Down the hill and around the first curve and they hit Moonglow Boulevard. Stately houses built during the early 1900s graced the right side of the road; the beach and seawall, alive with tourists, shops, and restaurants, were on the left.

Madison sipped water and watched the ocean gliding past like a ponderous dream, too much blue, long and endless. She’d forgotten how bright it was here. The beach stretched full of umbrellas, kites, and bodies. Light and casual and seriously, much too happy.
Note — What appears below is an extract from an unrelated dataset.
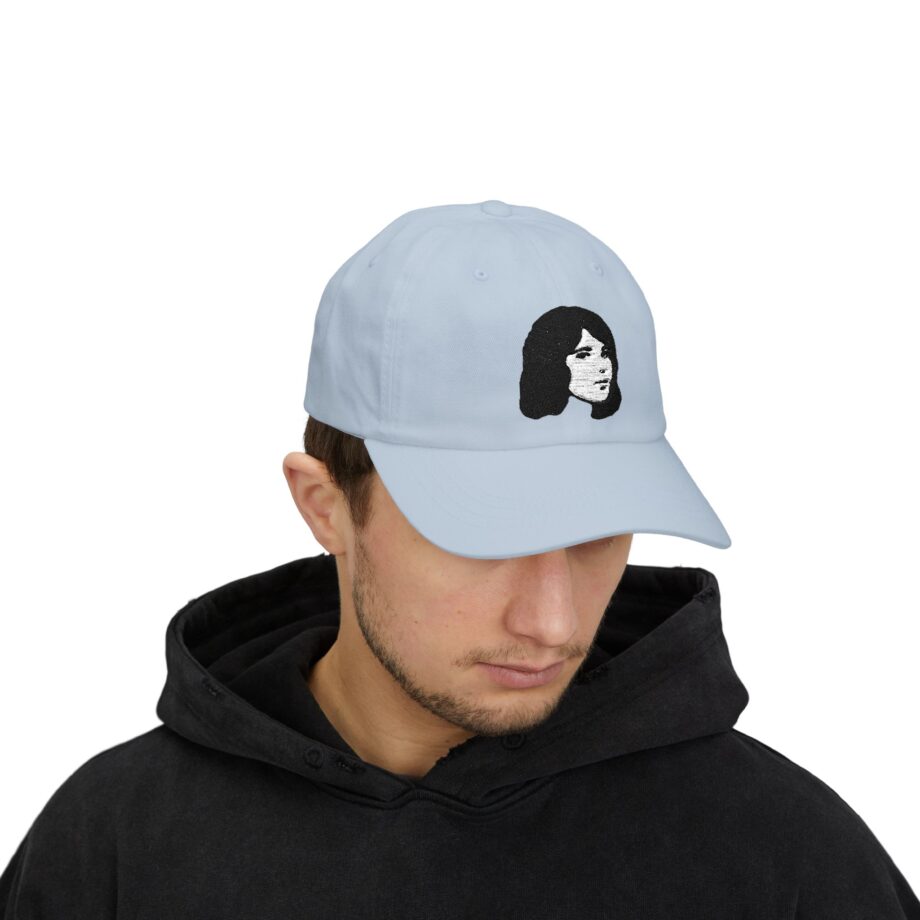 Tv Girl  Classic Dad Cap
She didn’t trust happiness.

It faded.

Always.

The beautiful old Victorian where she and her sisters once lived with Grammy Chapman lay straight ahead. Built by their two-times-great-grandfather, Josiah Chapman, it stood out among the other buildings lining the beach. It was one of the few historical homes along the waterfront that had survived Hurricane Allen in 1980.

The three-story B&B looked like something from a fairy tale—all gingerbread trim, towers, turrets, dormers, and wraparound porches. Over the decades, five generations of Chapmans had painted it many shades and hues. Today, the color was a gentle aqua with violet shutters and white porch rails and columns. She and her sisters had picked out those colors, painted the house together.
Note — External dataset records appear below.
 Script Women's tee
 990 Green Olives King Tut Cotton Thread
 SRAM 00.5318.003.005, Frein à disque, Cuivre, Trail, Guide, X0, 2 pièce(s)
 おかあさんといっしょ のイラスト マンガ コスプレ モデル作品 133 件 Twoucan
Back when things were good.

A small orchard of Moonglow pear trees bloomed white in the side yard. Butter-yellow daffodils proliferated around the base of the pear trees. And in the tidy flower beds, irises and hydrangeas thrived, scenting the air with their sweet perfume.
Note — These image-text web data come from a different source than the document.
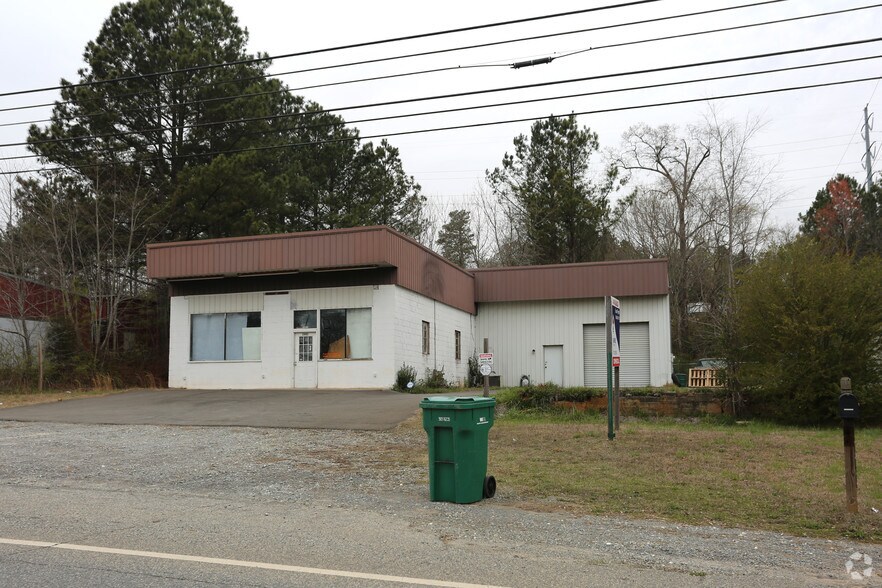 More Photos Of 2905 Ball Ground Hwy, Canton Warehouse For Sale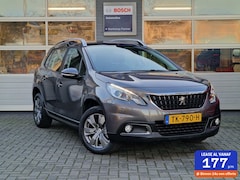 Peugeot 2008 - 1.2 PureTech Blue Lion|airco|Trekhaak|Pano|Cruise|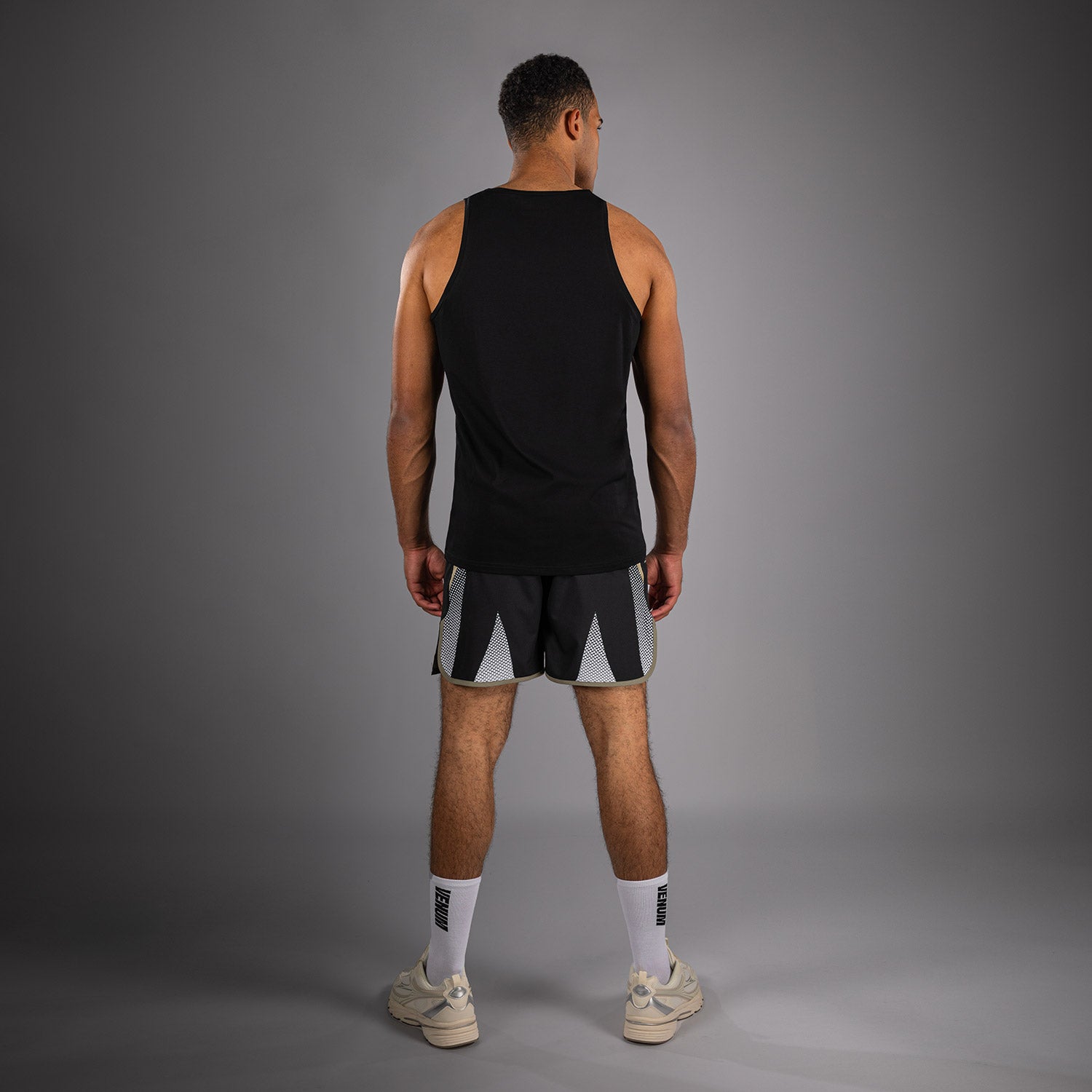 venum-adrenaline-tank-top-schwarz-sand-herren image 3
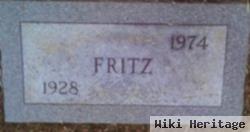 Charles Frederick "fritz" Sinders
Grammy adored those pear trees, and every fall she made preserves in her commercial kitchen. To supplement her B&B income, she packaged and sold the preserves online and through local vendors.

Madison hadn’t been home since Christmas. Almost half a year since Grammy, smelling of cinnamon and Shalimar, had wrapped Madison in her arms and told her how much she loved her. An erratic five months of giddy ups and sharp downs. Until now, she hadn’t realized the depth of her homesickness and she ached to go inside the house.

“Wait, stop!”

Startled, the chauffeur trod the brakes. “What’s the problem?”

A topless, doors-off Jeep blasted the horn behind them. The angry frat boy driver whipped around the town car, thrusting a proud middle finger skyward as he sped by.

The chauffeur eased the car over. “You sick?”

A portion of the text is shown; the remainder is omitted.